The opinion of the Court was delivered by
Willard, A. J.Under the authority of the ruling in Taylor vs. Drake, (4 Strob., 431,) it is clear that the Circuit Judge should have granted the defendant’s motion for a non-suit. The contract on which the action was brought, as disclosed by both the pleadings and evidence, was a collateral contract to answer for the debt of another, and, as such, must be in writing, to be capable of enforcement under the statute of frauds. It appeared, by the plaintiff’s evidence, direct and uncontradicted, that the goods were sold to Gayle upon the promise of defendants to accept a draft drawn for the purpose of paying the purchase money'on such sale. As the case stood at the time the motion for a non-suit was made, and that aspect is unchanged, there was no evidence that could justify a jury in finding the contract of sale, as it regards the goods, as a contract *105between the plaintiffs, as sellers, and the defendants, as purchasers. On the contrary, the transaction, regarded as one of purchase and sale, was between the plaintiffs and Gayle. The promise of the defendants was both inducement and consideration to such contract of sale, and was, in substance, a contract to assure the performance of what Gayle had undertaken to do, namely, to pay for the goods purchased.
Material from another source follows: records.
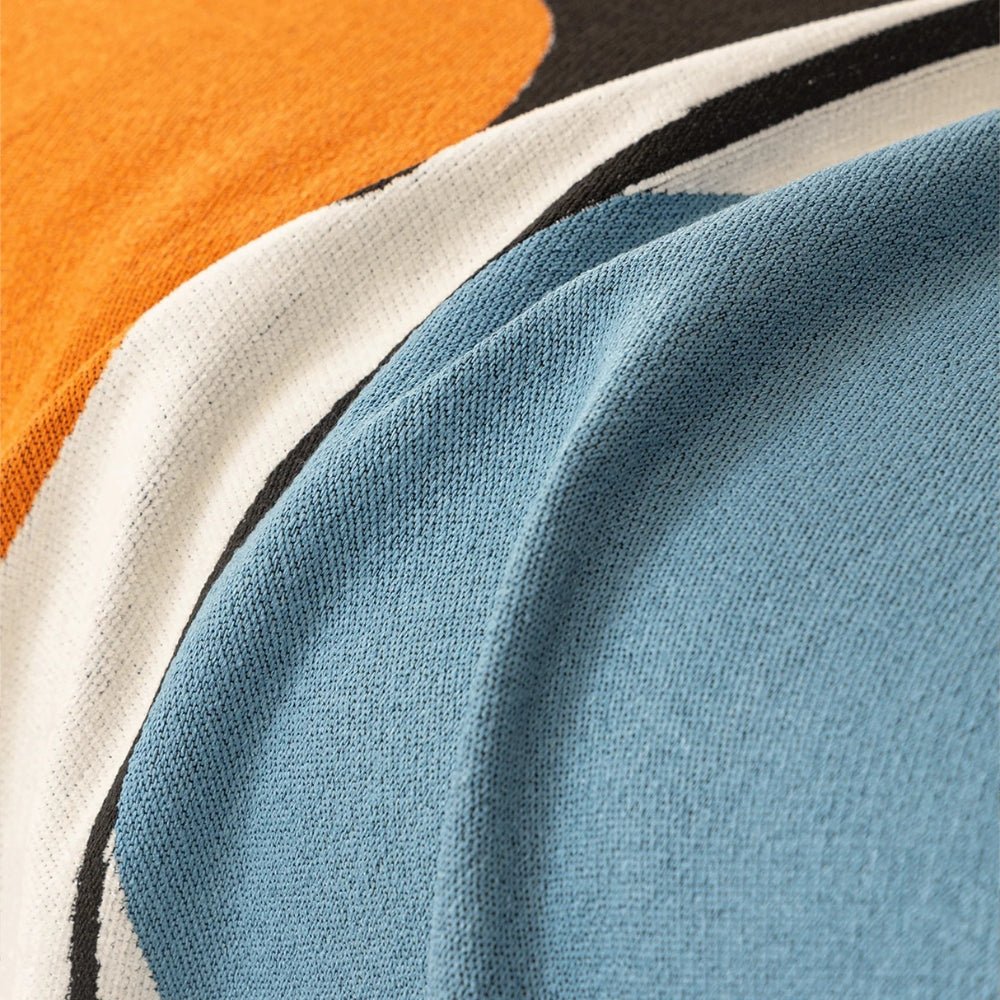 Milli Arts – Elegant Cat - Themed Sofa Cover for Stylish Living Spaces with Timeless Charm - Milli Arts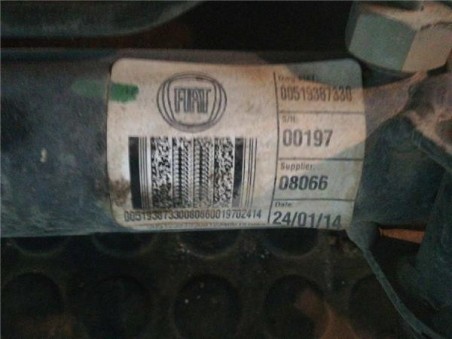 Cremallera Direccion Asistida Fiat DOBLO 1 3 16V JTD 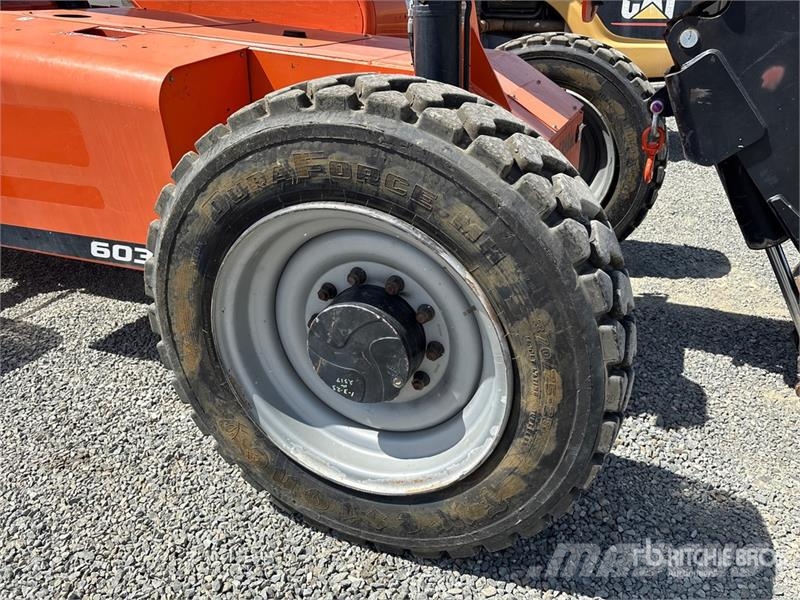 SkyTrak 6036 Telehandler Telescopic handlers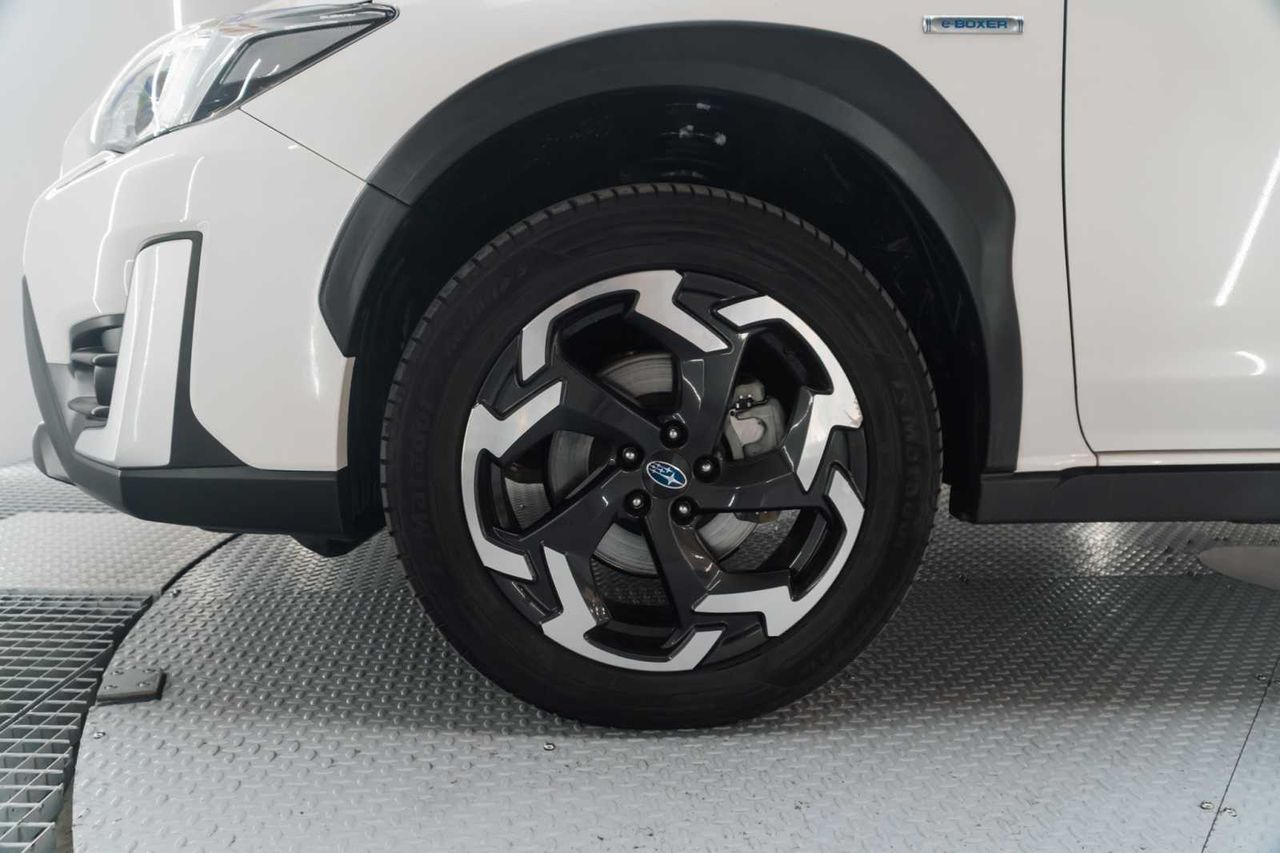 Subaru XV 2.0i Hybrid CVT Executive Plus  - Foto 25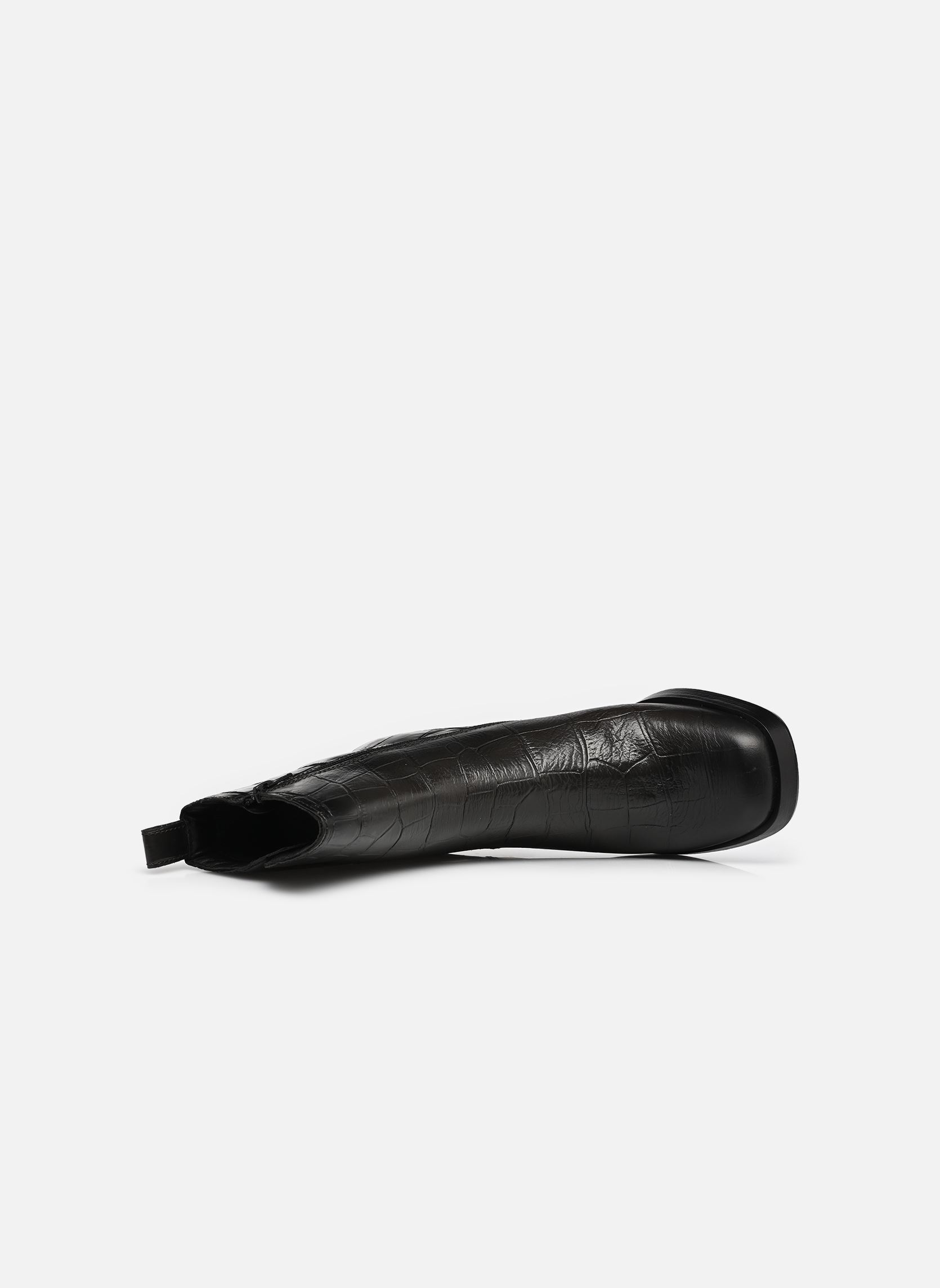 Niedrige Ankle Boots P96212 damen schwarz Mjus Niedrige Ankle Boots P96212 damen schwarz FUMO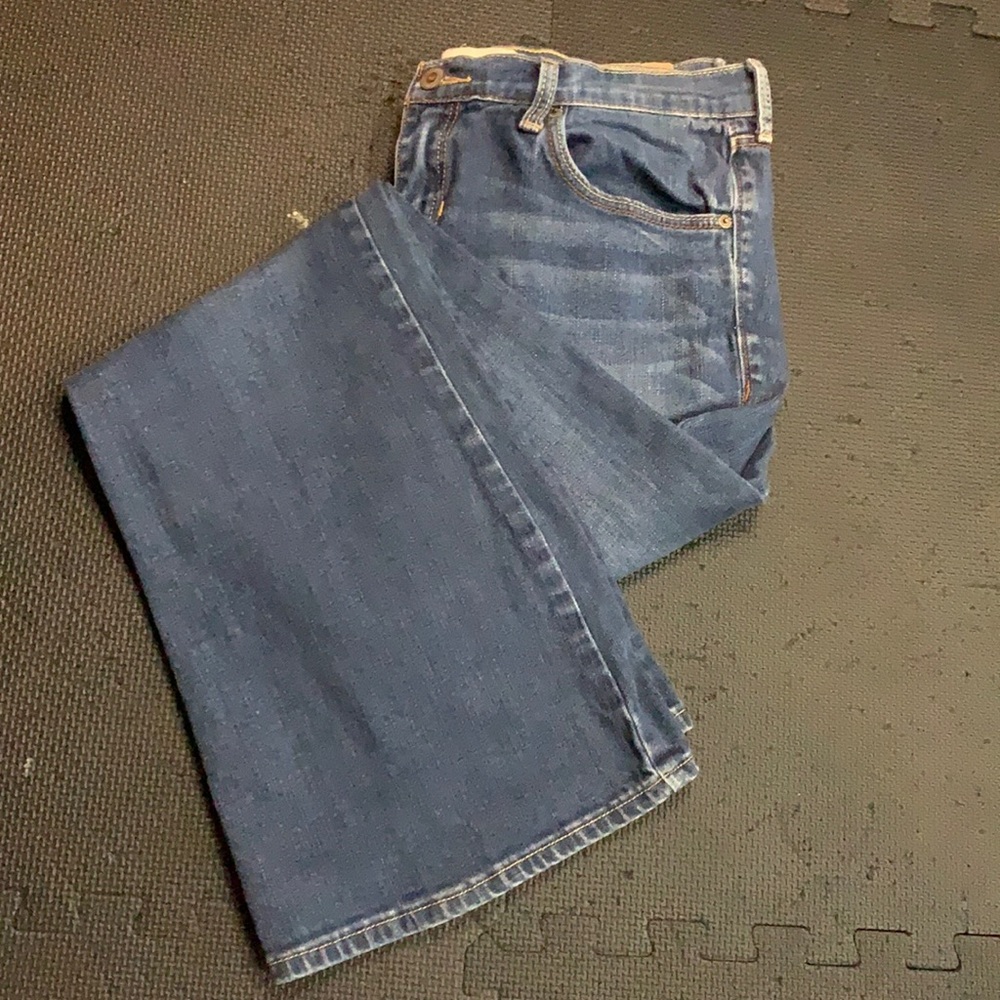 Hollister SoCal Stretch Jeans Size 9 Regular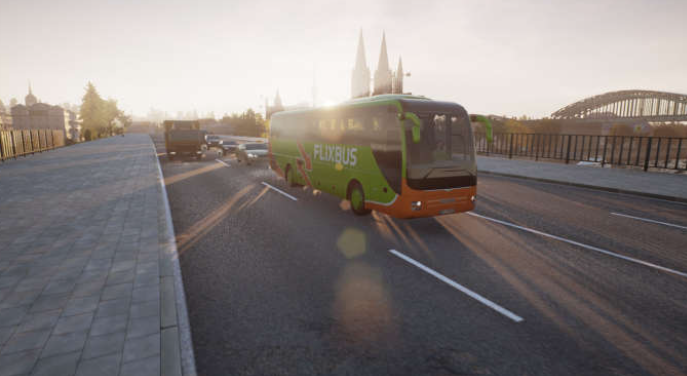 Fernbus Simulator Full Game Mobile For Free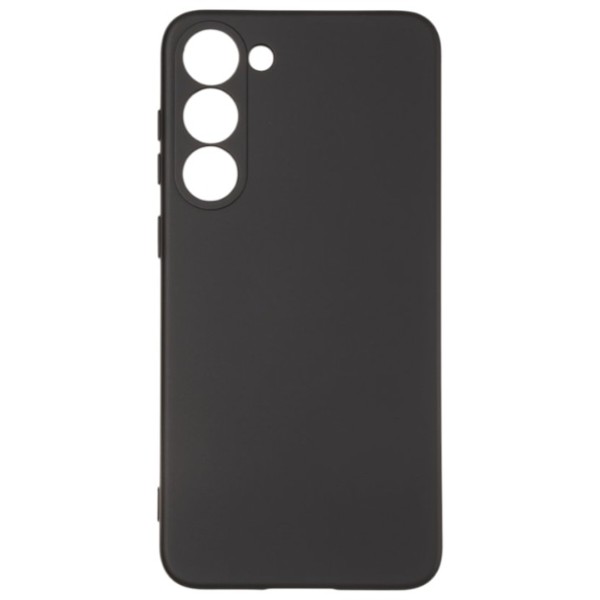 Фото - Чехол для смартфона Gelius Full Soft Case for Samsung S916 (S23 Plus) Black (94456)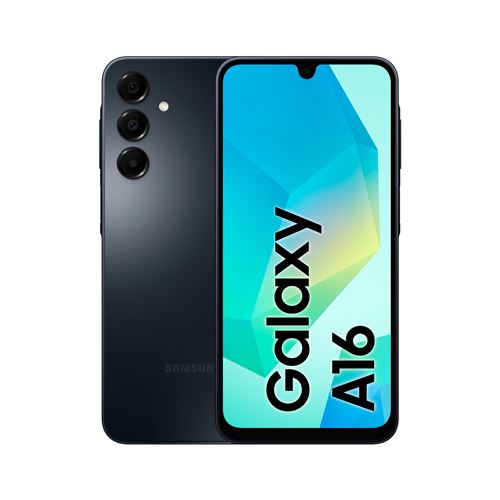 Smartphone Samsung Galaxy A16 6,7"" Nano SIM 128 Go Bleu nuit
The point ruled in Taylor vs. Drake, (4 Strob., 431,) was, that if the person to whom the goods were delivered is liable as purchaser, then a promise made by a third person to pay the amount of such purchase must be regarded as collateral, and, as such, must be in writing, in conformity with the Statute of Frauds, in order to be capable of being enforced.
The promise of defendants here was to accept for the amount of such purchase. Such a promise was, in substance, a promise to pay for the goods sold to Gayle, and for which the latter was primarily liable. The only consideration for defendants’ promise was the credit given to Gayle, and this shows that the contract to accept was intended as a means of securing payment for the goods sold and delivered to Gayle.
In Taylor vs. Drake the promise was to pay or endorse. Here the promise was to accept; and on the same ground on which, in that case, the contract was held to be collateral to an original contract of sale, the present promise must receive the same construction.
In Taylor vs. Drake a non-suit was entered by the appellate Court after a verdict for the plaintiff, thus showing that on a clear and uncontradicted state of evidence the Court will undertake to say, without the aid of the jury, whether the contract is to be regarded as original or collateral. As there was no question of credibility or of contradictory testimony to be settled, and no inference of fact to be drawn presumptively, there was nothing to put in exercise the peculiar functions of a jury. The decision of that ease leads to the conclusion that the present verdict must be set aside, and the case remanded for judgment, dismissing the complaint.
Moses, C. J., and Wright, A. J., concurred.